### EXTRACTED RECORDS
- Opening Delimiter -
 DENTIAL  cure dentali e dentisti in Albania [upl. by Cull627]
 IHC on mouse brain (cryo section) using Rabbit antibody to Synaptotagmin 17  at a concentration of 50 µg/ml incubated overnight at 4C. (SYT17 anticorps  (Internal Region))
- Closing Delimiter -
- Opening Delimiter -
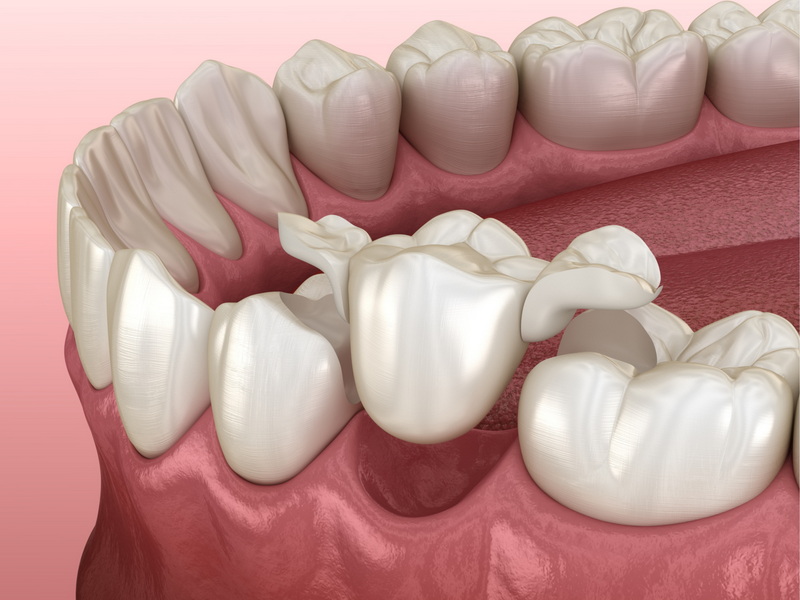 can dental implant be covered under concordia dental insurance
- Closing Delimiter -
### EXERCISE AIM
Would you please repeat exactly the lines above, starting at the line with "[upl. by Cull627]" and stopping at the line with "IHC on mouse", both included?

### EXERCISE RESULT
 DENTIAL  cure dentali e dentisti in Albania [upl. by Cull627]
 IHC on mouse brain (cryo section) using Rabbit antibody to Synaptotagmin 17  at a concentration of 50 µg/ml incubated overnight at 4C. (SYT17 anticorps  (Internal Region))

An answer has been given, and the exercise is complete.